Comment 8 Karsten Bräckelmann 2008-02-20 12:12:18 UTC

Thanks for the rather exhaustive explanation, Justin. :)

(In reply to comment #7)
> well, I'd like to get them checked in for further testing in our Rule-QA 
> system: http://ruleqa.spamassassin.org/

> Committed revision 629394.
> here's what I checked in:

I'm comfortable with SVN, and finally got an uptodate trunk checkout again.

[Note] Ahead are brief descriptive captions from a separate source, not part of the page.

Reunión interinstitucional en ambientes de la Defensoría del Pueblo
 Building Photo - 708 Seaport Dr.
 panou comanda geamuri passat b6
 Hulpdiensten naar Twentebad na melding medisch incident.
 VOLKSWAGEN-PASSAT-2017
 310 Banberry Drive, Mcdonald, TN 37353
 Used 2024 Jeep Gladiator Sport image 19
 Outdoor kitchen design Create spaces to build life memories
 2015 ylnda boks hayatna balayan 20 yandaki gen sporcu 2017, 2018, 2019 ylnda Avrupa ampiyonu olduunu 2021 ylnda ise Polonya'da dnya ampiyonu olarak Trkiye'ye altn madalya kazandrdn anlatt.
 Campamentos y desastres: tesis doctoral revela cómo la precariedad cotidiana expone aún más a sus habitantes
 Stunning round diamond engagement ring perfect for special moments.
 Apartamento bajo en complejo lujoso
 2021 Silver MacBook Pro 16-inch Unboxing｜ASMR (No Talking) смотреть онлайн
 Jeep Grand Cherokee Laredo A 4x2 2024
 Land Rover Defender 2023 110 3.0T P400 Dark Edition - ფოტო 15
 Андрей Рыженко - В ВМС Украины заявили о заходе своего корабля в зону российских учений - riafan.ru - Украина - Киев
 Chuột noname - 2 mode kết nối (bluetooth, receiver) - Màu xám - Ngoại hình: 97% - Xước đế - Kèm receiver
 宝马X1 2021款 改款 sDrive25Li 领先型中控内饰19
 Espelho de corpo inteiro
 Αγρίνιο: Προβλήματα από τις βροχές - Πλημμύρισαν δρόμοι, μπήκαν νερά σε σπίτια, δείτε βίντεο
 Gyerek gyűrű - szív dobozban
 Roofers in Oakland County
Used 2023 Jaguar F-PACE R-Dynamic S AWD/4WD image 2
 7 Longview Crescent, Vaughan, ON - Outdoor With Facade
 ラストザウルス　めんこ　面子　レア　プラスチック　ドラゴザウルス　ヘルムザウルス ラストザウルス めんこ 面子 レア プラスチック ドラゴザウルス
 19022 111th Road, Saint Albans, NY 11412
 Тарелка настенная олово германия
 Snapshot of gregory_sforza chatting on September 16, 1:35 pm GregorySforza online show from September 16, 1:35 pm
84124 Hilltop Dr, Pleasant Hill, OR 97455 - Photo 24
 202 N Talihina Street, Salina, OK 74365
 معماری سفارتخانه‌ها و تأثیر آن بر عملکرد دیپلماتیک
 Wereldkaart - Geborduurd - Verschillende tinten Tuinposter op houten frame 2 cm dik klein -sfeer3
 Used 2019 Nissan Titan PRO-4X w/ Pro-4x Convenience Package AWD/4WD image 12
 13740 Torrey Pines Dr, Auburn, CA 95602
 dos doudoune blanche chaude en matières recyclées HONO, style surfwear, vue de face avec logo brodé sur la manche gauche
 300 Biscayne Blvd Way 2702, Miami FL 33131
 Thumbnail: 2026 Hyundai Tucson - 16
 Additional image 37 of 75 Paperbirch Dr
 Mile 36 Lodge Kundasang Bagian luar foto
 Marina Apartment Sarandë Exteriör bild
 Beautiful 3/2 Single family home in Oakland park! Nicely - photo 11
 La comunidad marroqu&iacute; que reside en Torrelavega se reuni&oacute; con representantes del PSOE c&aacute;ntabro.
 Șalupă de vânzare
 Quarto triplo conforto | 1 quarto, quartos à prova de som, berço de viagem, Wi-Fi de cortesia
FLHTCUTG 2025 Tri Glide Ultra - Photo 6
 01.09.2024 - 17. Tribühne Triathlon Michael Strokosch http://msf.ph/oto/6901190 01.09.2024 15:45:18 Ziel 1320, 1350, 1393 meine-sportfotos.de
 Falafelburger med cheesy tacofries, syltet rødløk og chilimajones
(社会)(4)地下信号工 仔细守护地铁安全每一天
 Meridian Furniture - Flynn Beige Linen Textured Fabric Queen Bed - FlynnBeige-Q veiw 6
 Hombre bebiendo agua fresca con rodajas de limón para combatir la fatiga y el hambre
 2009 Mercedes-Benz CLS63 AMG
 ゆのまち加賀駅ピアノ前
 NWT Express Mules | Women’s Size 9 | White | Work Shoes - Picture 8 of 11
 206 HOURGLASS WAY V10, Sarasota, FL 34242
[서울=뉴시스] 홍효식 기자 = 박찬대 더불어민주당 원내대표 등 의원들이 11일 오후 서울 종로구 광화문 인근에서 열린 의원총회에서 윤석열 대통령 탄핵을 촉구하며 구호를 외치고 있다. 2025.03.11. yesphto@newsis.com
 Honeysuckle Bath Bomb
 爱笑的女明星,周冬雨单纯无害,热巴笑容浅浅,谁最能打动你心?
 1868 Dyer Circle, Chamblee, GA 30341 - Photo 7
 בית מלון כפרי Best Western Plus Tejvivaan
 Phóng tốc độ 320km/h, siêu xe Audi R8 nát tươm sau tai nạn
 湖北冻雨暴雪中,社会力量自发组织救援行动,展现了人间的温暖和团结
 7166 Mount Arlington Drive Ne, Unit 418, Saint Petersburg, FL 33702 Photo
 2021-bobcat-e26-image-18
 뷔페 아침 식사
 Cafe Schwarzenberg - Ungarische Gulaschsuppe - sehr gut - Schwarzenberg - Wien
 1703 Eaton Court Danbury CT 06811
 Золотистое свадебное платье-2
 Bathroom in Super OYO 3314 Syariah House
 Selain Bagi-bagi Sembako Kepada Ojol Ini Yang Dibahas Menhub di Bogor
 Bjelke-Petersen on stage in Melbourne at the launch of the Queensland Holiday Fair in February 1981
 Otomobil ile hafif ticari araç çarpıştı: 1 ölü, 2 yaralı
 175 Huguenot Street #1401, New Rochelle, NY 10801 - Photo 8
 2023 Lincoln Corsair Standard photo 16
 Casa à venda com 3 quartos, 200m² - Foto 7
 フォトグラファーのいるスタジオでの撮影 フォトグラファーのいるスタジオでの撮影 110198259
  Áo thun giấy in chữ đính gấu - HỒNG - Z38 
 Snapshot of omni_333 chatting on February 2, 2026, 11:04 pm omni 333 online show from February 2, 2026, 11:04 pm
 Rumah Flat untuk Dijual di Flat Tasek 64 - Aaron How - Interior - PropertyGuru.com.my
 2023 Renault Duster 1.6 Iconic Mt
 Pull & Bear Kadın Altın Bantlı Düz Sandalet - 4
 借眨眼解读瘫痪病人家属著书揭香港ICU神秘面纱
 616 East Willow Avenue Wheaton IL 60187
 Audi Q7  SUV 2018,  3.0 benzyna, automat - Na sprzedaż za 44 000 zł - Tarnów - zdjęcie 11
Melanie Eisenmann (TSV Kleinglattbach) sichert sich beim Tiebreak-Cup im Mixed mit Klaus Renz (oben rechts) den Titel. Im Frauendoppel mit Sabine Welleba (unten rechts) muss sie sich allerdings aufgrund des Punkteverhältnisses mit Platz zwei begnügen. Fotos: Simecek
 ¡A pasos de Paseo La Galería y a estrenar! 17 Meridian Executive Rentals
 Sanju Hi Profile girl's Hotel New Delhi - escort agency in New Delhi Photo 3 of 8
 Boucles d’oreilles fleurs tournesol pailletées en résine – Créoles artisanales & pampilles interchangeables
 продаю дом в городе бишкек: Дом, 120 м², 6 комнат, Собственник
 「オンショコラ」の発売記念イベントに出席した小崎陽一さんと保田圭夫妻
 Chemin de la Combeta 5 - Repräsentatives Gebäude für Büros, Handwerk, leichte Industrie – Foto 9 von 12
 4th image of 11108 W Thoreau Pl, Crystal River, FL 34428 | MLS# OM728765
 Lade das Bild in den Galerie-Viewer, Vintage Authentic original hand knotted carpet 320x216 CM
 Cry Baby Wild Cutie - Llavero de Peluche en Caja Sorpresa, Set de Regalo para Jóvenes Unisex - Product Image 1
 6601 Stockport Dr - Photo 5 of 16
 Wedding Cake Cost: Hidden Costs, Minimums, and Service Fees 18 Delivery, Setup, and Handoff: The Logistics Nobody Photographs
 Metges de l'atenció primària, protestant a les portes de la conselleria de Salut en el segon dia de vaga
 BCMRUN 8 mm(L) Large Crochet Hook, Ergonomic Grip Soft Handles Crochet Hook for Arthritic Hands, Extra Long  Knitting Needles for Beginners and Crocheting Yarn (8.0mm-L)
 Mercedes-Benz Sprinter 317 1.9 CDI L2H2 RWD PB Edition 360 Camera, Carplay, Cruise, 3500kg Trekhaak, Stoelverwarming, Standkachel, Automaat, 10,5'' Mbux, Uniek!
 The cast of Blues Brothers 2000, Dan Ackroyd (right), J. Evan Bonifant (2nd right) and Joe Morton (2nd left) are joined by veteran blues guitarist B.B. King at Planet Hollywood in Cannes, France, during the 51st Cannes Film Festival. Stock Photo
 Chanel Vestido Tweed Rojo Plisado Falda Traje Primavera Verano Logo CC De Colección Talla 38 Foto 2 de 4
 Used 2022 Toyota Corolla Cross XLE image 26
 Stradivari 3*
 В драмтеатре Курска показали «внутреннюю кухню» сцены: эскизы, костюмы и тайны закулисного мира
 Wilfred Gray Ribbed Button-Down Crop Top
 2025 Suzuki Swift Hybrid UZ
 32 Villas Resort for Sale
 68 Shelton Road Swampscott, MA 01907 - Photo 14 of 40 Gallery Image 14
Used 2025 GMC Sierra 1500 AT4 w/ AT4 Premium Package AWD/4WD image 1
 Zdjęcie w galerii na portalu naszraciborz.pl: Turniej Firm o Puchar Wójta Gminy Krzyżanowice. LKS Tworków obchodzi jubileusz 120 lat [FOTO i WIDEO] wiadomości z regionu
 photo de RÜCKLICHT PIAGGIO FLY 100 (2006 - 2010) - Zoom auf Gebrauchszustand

> note the minor changes; renames to include the KB prefix and use of (?:...)
> instead of (...) for efficiency.

Cool.  However, seriously, instead of the custom __KB_OUTLOOK_MUA rule, bug 5774
should be fixed. It's simply adding the optional Office part. It's probably just
fine for testing, though.

Also, I kind of fell in love with the name Theo used for the rule.
KB_RATWARE_MSGID just sounds awesome. :)


> - wait a day or two and see how they perform in results on
> http://ruleqa.spamassassin.org/
> 
> - if they're good, do some further discussion about: wiping out remaining false
> positives (or dangers of same); ways to improve the hitrates slightly; ways to
> reduce redundant overlap with existing rules; ways to trim down the number of
> versions of the proposed new rules.

Time to wait a day...

Comment 9 Justin Mason 2008-02-21 06:53:17 UTC

(In reply to comment #8)
> > note the minor changes; renames to include the KB prefix and use of (?:...)
> > instead of (...) for efficiency.
> 
> Cool.  However, seriously, instead of the custom __KB_OUTLOOK_MUA rule, bug 5774
> should be fixed. It's simply adding the optional Office part. It's probably just
> fine for testing, though.

now done.

> Also, I kind of fell in love with the name Theo used for the rule.
> KB_RATWARE_MSGID just sounds awesome. :)

sure ;)

> > - wait a day or two and see how they perform in results on
> > http://ruleqa.spamassassin.org/
> > 
> > - if they're good, do some further discussion about: wiping out remaining false
> > positives (or dangers of same); ways to improve the hitrates slightly; ways to
> > reduce redundant overlap with existing rules; ways to trim down the number of
> > versions of the proposed new rules.
> 
> Time to wait a day...

A day or so ;)  here are the results:
http://ruleqa.spamassassin.org/today/T_KB_MSGID_OUTLOOK_BROKEN/detail

looks great.  no false positives in any corpus, and no significant
overlaps with other rules.  Score map has most of its hits between 3 and
6 points.  Most of the hits seem fresh.  great stuff!

btw, you were asking about the T_ prefix?  it's used to force rule scores
to 0.01 for test rules.  Once a rule is measured as having "good enough"
results, it's allowed to not be a T_ rule.

anyway, this is now in the trunk ruleset as of r629813.